What you are asked to do
The records that follow are to be reproduced exactly. Any pictures in them are left out.

----

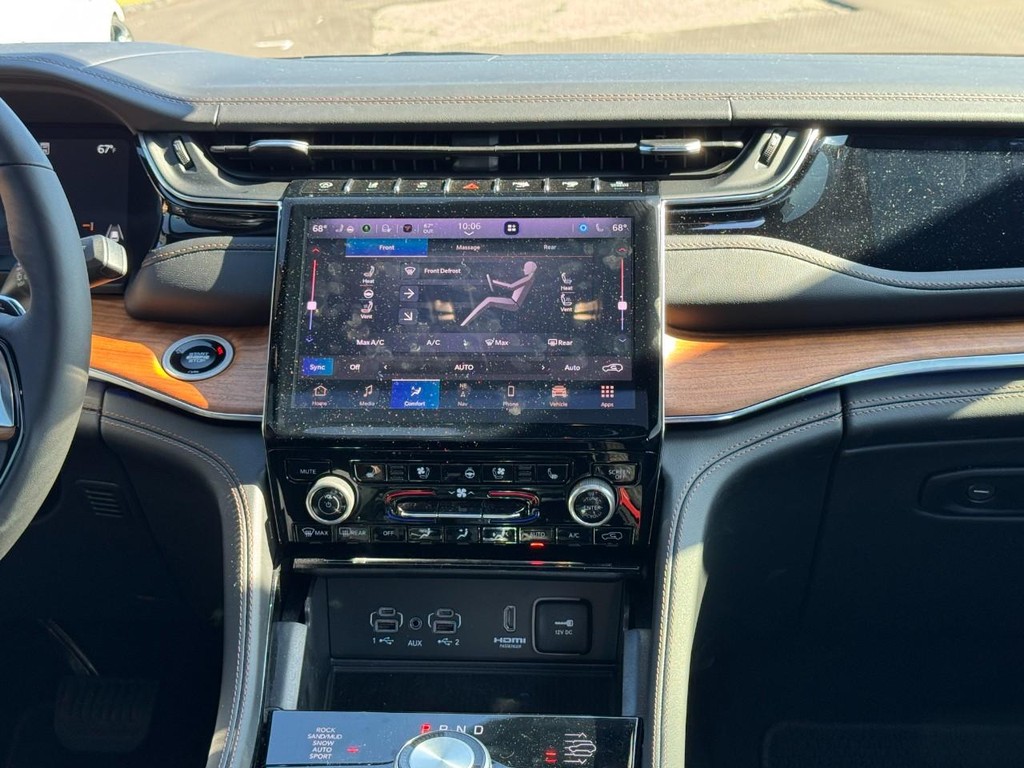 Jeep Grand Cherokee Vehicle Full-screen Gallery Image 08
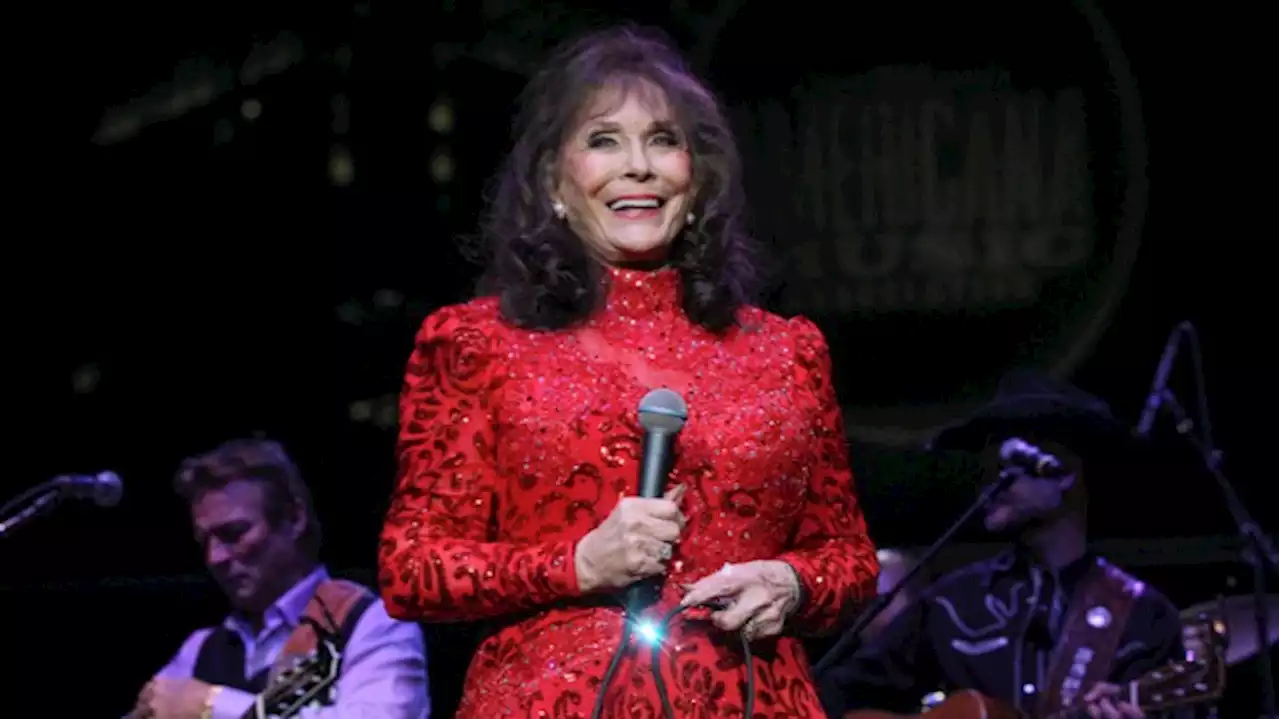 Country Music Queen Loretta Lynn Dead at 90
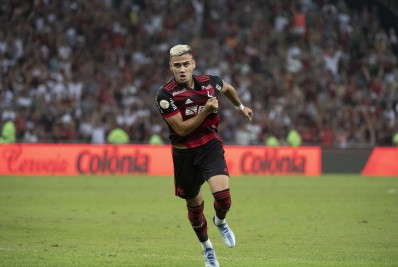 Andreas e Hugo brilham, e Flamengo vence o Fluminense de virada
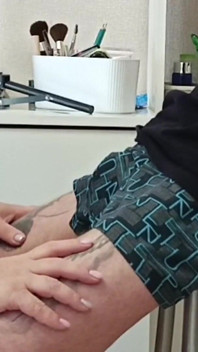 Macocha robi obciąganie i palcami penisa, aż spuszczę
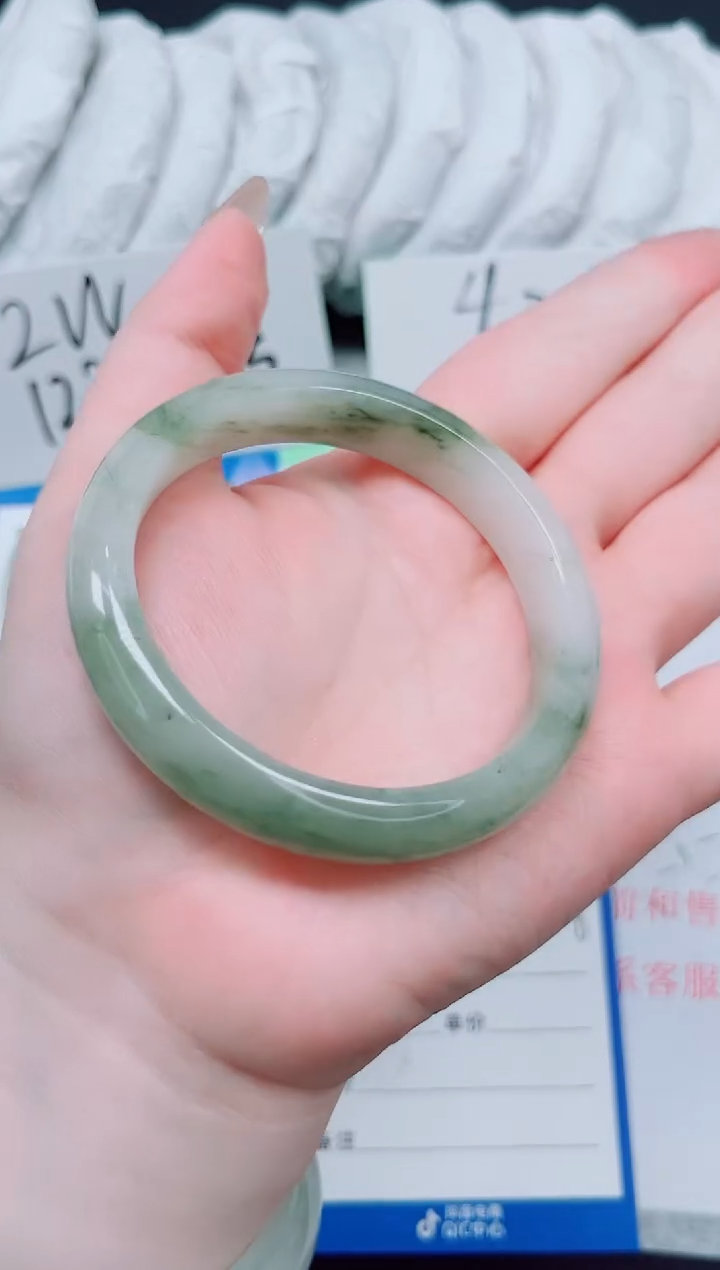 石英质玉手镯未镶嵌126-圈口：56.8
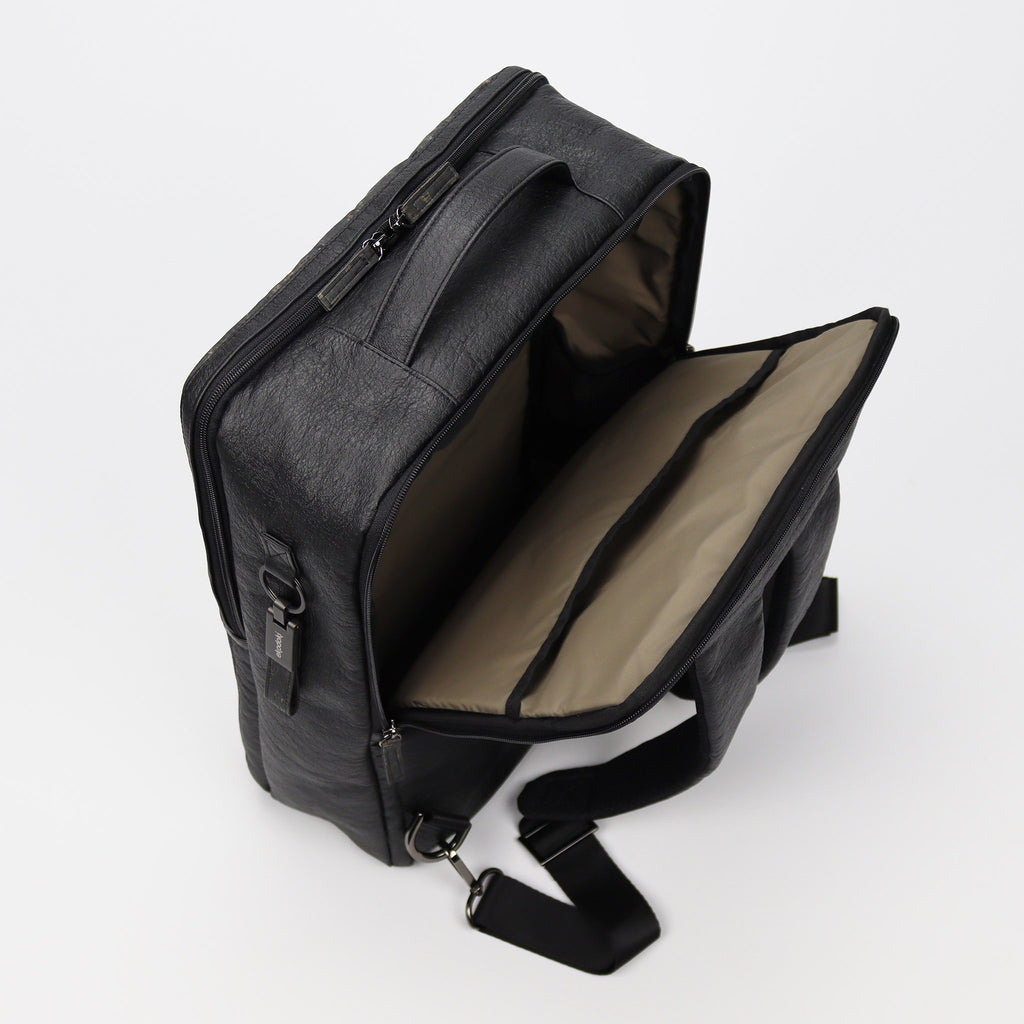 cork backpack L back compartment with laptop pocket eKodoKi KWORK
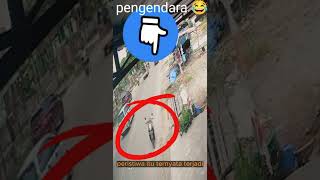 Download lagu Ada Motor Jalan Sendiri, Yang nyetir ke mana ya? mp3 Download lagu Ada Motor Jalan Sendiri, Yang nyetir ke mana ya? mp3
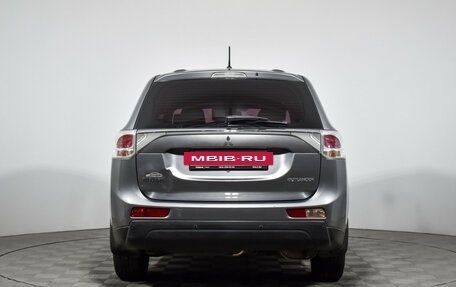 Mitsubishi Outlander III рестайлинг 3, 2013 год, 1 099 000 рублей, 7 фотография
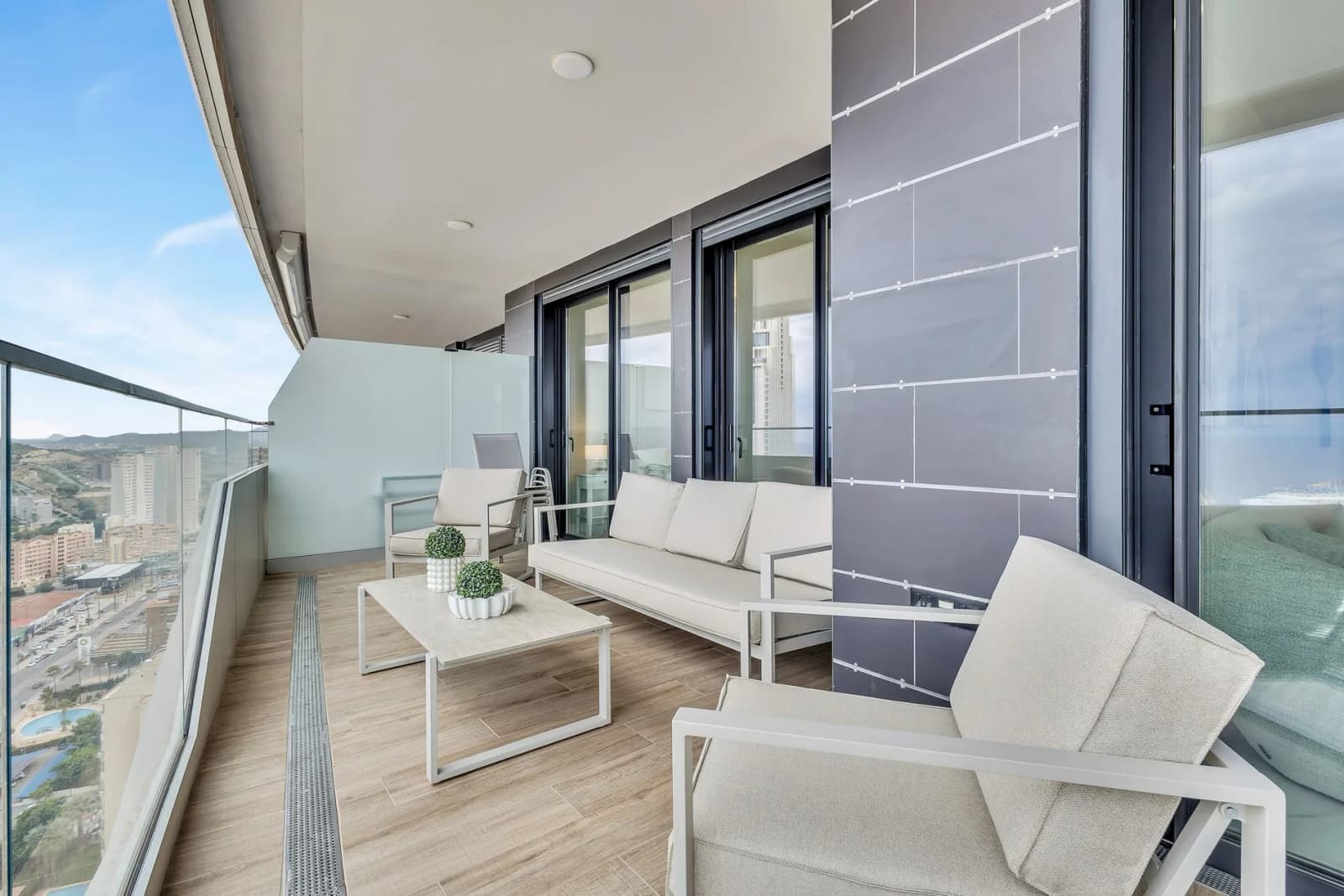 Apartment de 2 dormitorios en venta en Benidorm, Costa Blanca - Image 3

----

Answer box
 Jeep Grand Cherokee Vehicle Full-screen Gallery Image 08
 Country Music Queen Loretta Lynn Dead at 90
 Andreas e Hugo brilham, e Flamengo vence o Fluminense de virada
 Macocha robi obciąganie i palcami penisa, aż spuszczę
 石英质玉手镯未镶嵌126-圈口：56.8
 cork backpack L back compartment with laptop pocket eKodoKi KWORK
 Download lagu Ada Motor Jalan Sendiri, Yang nyetir ke mana ya? mp3 Download lagu Ada Motor Jalan Sendiri, Yang nyetir ke mana ya? mp3
 Mitsubishi Outlander III рестайлинг 3, 2013 год, 1 099 000 рублей, 7 фотография
 Apartment de 2 dormitorios en venta en Benidorm, Costa Blanca - Image 3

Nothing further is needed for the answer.